▶ [TASK DESCRIPTION]
Exactly as written, copy every line from the one containing "CANYON POINT - Residential" through the end of the records, with the pictures left out.

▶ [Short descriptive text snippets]
###

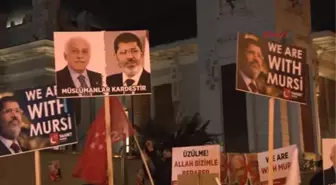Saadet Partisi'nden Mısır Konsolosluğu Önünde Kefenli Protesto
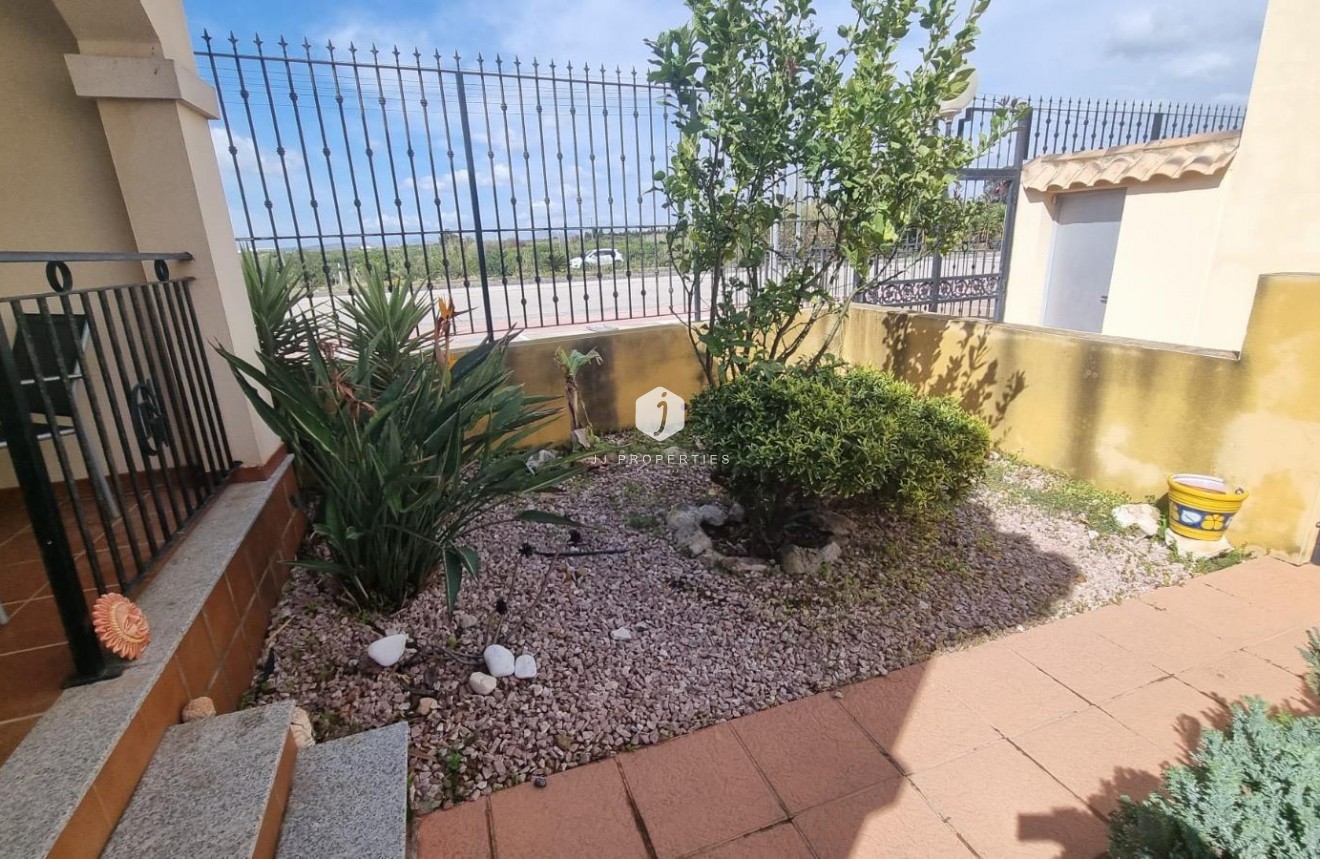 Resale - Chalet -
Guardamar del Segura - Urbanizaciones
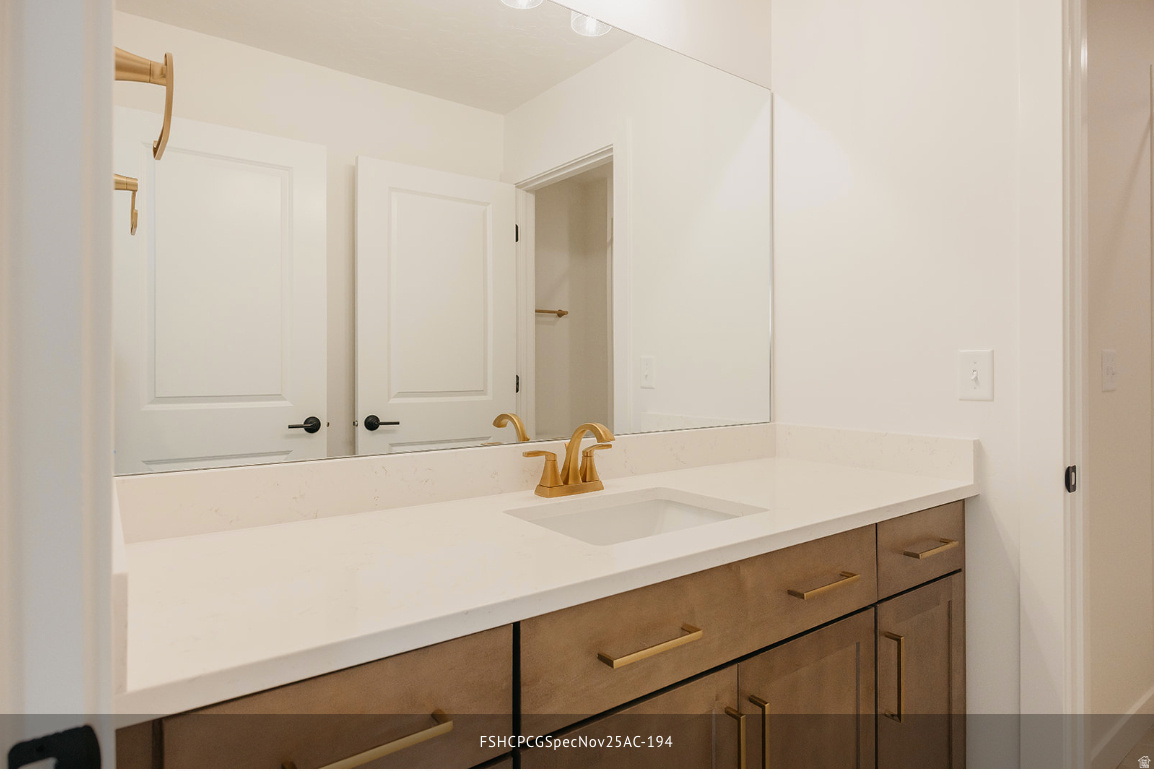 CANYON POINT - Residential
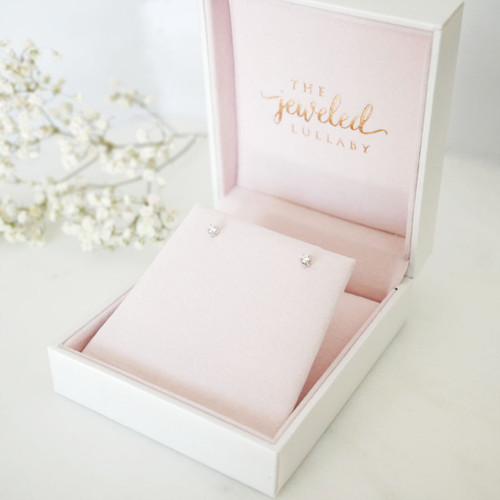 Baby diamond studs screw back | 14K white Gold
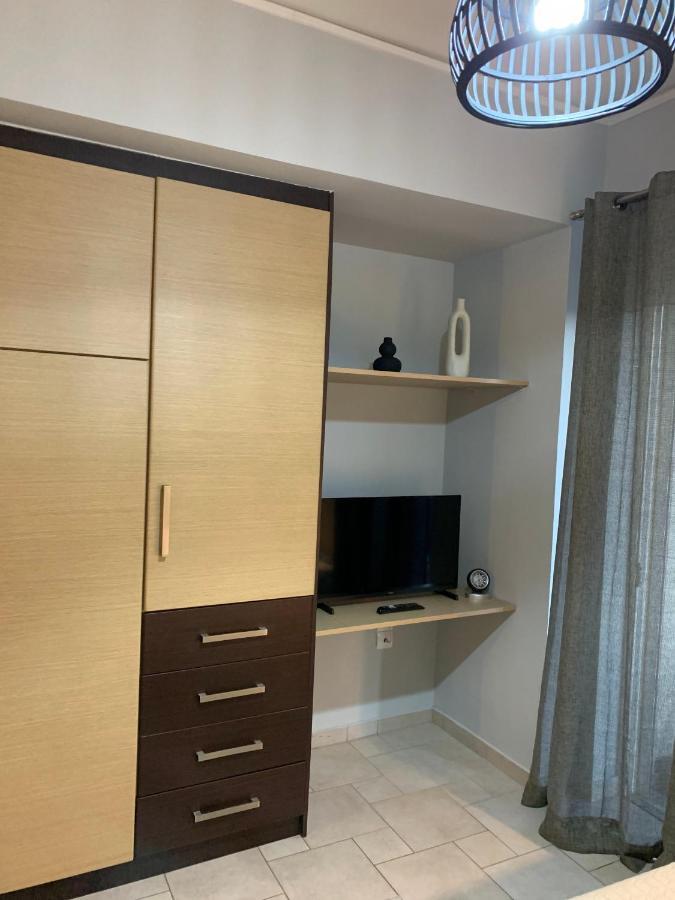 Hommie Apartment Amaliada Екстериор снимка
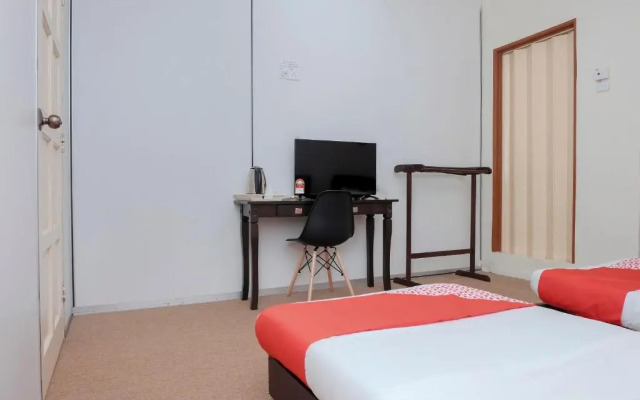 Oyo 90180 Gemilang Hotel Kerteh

###

▶ [SOLVED PROBLEM]
 CANYON POINT - Residential
 Baby diamond studs screw back | 14K white Gold
 Hommie Apartment Amaliada Екстериор снимка
 Oyo 90180 Gemilang Hotel Kerteh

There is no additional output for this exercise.